Pubblicato da Federica Ferrario
il 02/07/2025
Quando, nel 2019, l’Unione Europea ha lanciato il Green Deal, molti di noi hanno visto una svolta epocale finalmente a portata di mano: un’agricoltura più equa, sostenibile, rispettosa della terra, del clima e della biodiversità. Un cambio di rotta urgente e necessario. Oggi però, con preoccupazione, dobbiamo dirlo chiaramente: quella transizione è stata tradita.

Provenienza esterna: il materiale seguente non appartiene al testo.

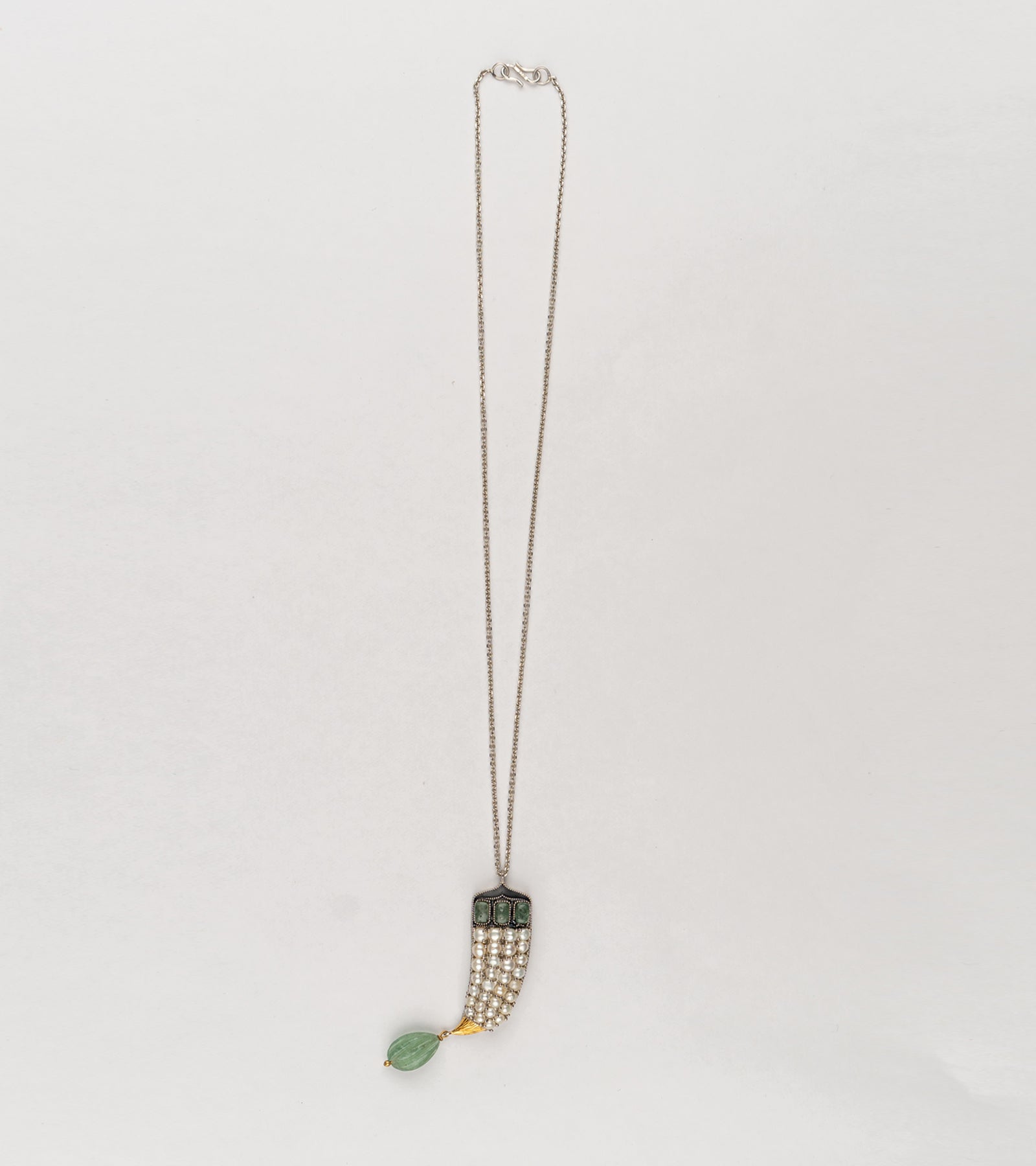 Detail of the sculptural cornucopia form on the Sage Pendant in sterling silver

Nel nostro nuovo report, “La transizione tradita – Come l’agroindustria ha fermato il Green Deal in agricoltura”, raccontiamo ciò che è successo davvero. Sotto la pressione di lobby agroindustriali, crisi internazionali e proteste strumentalizzate, l’Europa – e l’Italia con essa – ha cominciato a smantellare proprio quelle misure che avrebbero potuto rendere l’agricoltura più resiliente. Il tutto, nel nome di una presunta emergenza alimentare che, numeri alla mano, non è mai esistita.
Abbiamo seguito le rotte del grano bloccato in Ucraina: cereali che, una volta sbloccati, non sono finiti dove si temeva la carestia, ma principalmente nei Paesi più ricchi, spesso per sostenere la zootecnia intensiva. È chiaro, quindi, che il problema non era sfamare le persone, ma difendere un modello produttivo vecchio, insostenibile e dannoso.
Nel frattempo, sono stati indeboliti o rinviati alcuni degli impegni ambientali più importanti: riduzione dei pesticidi, tutela della biodiversità, rotazione delle colture, obbligo di lasciare una parte dei terreni a riposo, riduzione delle emissioni degli allevamenti di bovini più grandi e intensivi. Tutte misure che avevano un impatto positivo concreto, e che invece sono state sacrificate in nome – come ci è stato detto - dell’efficienza produttiva o della competitività.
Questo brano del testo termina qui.